Turbulente Rückfahrt

Wieder standen uns vier Stunden Busfahrt bevor. Aber dieses Mal ohne eine vierstündige Reportage der Reiseleiterin über Almaty und Kasachstan in Russisch. Auch mussten wir den Bus nur einmal anschieben. Womöglich könnte man ja jetzt einmal im Bus schlafen? Da alle ein wenig erschöpft waren, war es zudem auch angenehm ruhig. Doch kaum auf der regulären Straße angekommen, hatte ich das Gefühl, dass der Busfahrer es auf einmal ziemlich eilig hatte. Statt Schlaf regte sich jetzt Unruhe in mir. Jede Pause, die wir machten, genoss ich richtig und konnte mich etwas entspannen. Gegen acht Uhr abends kamen wir in Almaty heil wieder an. Die Erschöpfung war wohl jedem anzusehen. Wir tauschten noch ein paar Eindrücke und Telefonnummern aus, verabschiedeten uns und fuhren dann nach Hause.
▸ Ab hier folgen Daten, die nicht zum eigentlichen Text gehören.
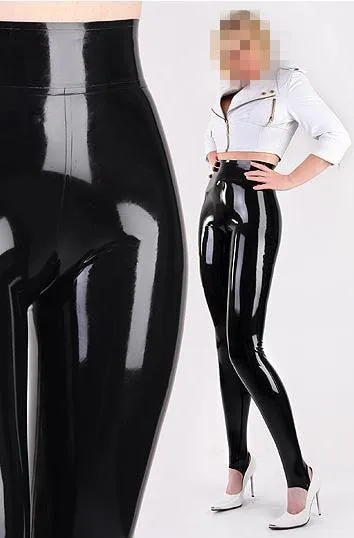 Latex Leggings High Wasit Rubber Skinny Pants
Als der Wecker gegen sechs Uhr morgens klingelte, dachte ich, ob sich das frühe Aufstehen wohl lohnen wird? Doch wenn ich den ganzen Tag Revue passieren lasse, muss ich sagen, dass es ein unglaubliches Erlebnis war, das ich jedem nur empfehlen kann. Gerade die Tatsache, dass dieser Ausflug nicht so typisch deutsch war, verlieh ihm seinen besonderen Charme. Und natürlich der Blick entlang des Canyons, im Hintergrund die Berge von China, einfach einmalig. Einfach unvergesslich!